◆ Try it ◆
Could you copy exactly the lines below, beginning at the line with "Detail of leaf-shaped" and stopping after the line with "Medals for the", with no pictures?

◆ Given records ◆
-=-=-

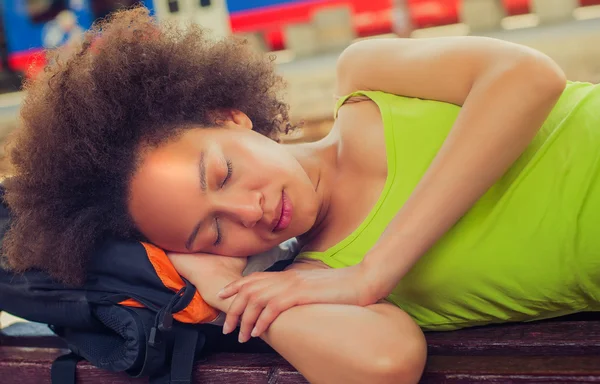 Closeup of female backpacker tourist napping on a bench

-=-=-

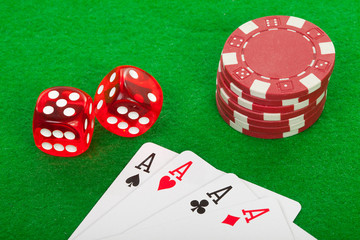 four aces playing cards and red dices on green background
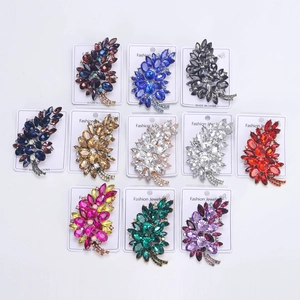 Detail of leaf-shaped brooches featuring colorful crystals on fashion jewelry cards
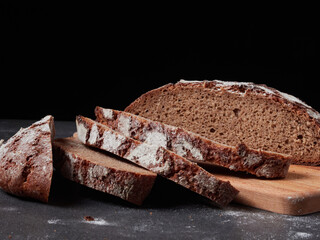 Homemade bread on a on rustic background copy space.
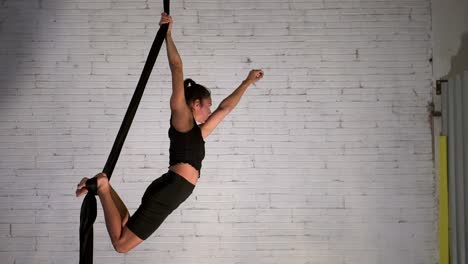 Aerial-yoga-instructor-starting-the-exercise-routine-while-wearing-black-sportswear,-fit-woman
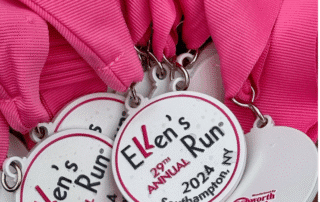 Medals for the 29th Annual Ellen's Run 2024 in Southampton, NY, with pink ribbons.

-=-=-

◆ Expected answer ◆
 Detail of leaf-shaped brooches featuring colorful crystals on fashion jewelry cards
 Homemade bread on a on rustic background copy space.
 Aerial-yoga-instructor-starting-the-exercise-routine-while-wearing-black-sportswear,-fit-woman
 Medals for the 29th Annual Ellen's Run 2024 in Southampton, NY, with pink ribbons.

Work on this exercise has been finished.